I have the unusual and distinguished position of church librarian. It is my job to replace returned books and file new ones. And that’s how I came across this book about this time last year. It looked interesting, (and the author had my name,) so I started reading and made it through the first few chapters. Then I put it down, mistakenly thinking that the interesting part was over.
Around rolled my birthday, a few months later, and my grandparents sent me this very book in the mail. Deciding to do it justice, I took up where I had left off before and read straight through to the end.

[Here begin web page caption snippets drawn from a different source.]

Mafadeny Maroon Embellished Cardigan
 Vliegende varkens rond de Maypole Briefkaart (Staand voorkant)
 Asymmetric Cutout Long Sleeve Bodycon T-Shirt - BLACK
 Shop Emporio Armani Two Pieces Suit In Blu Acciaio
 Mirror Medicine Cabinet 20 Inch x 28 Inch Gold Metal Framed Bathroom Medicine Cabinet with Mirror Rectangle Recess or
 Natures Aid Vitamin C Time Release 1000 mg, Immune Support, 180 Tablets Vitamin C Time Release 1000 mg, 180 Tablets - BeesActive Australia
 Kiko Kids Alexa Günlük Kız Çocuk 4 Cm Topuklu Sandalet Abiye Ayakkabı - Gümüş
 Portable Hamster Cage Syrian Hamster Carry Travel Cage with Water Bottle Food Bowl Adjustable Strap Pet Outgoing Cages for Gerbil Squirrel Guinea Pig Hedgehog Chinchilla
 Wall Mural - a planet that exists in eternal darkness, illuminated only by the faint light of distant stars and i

After their mother is killed in a Cossack raid, Sarah, Yente and their sister move from the countryside of Poland into the Warsaw ghetto. While Sarah eventually moves to England, Yente falls in love with the son of a prominent Jew, Benjamin Sitenhof. Against his parents’ wishes, they are married. After a turbulent beginning that spans the continent, Yente is at last accepted as Benjamin’s wife and into the Sitenhof family. Peace prevails until a Catholic man comes to the cabinetry shop that Benjamin’s family owns. The man gives Benjamin a Bible, saying that his religion does not allow him to read it. Fascinated, Benjamin reads the New Testament and is converted. Now he is the one rejected by his family, and he leaves Poland, his wife, and children behind him.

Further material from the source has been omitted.